A piece of decorative plaster molding above the suspended ceilings in Eaton Hall fell through the ceiling onto the floor over the weekend before Valentine’s Day, according to Senior Facilities Director Steve Nasson. As a result, four classrooms in Eaton Hall with the decorative molding were closed for repairs, according to Nasson, but they have now been reopened.
“Above the suspended ceilings are the older, plaster ceilings. There is also decorative plaster molding that wraps the perimeter of the plaster ceilings,” Nasson told the Daily in an email. “A piece of this plaster molding broke away and came through the ceiling tiles.”
Nasson emphasized that this is not a structural issue with the building, and that the roof and structure of Eaton Hall are still sound, contrary to some rumors.
Facilities Services chose to remove the decorative molding that remained after a piece fell away.
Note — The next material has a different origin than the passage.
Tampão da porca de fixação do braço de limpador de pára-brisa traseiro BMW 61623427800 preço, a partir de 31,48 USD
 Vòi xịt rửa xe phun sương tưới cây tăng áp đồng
Once the remaining molding had been removed, a process which took several days, the classrooms were reopened, according to Nasson.
Fortunately, Nasson noted, nobody was present in the affected rooms when the molding broke through the suspended ceiling.
“The room was unoccupied at the time and the decision was made to close the classrooms until we could get a look at the remaining molding,” Nasson said.
Jo Ann Jack, the registrar of Arts, Sciences and Engineering, explained that classes in the affected rooms had been moved to different locations until the molding could be removed.
According to Christine Fitzgerald, the manager of service marketing and communications for Tufts Technology Services, these issues did not impact the computer lab, technology services or any other technical operations in Eaton Hall.
“The main computer lab was not affected by this at all,” Fitzgerald told the Daily in an email.
Construction of Eaton Hall was first completed in 1908, and the building has undergone numerous renovations since then, according to a 2013 Daily article.
“I would say that this issue was related to the age of the building as well as the original installation and consistency of the plaster,” Nasson said.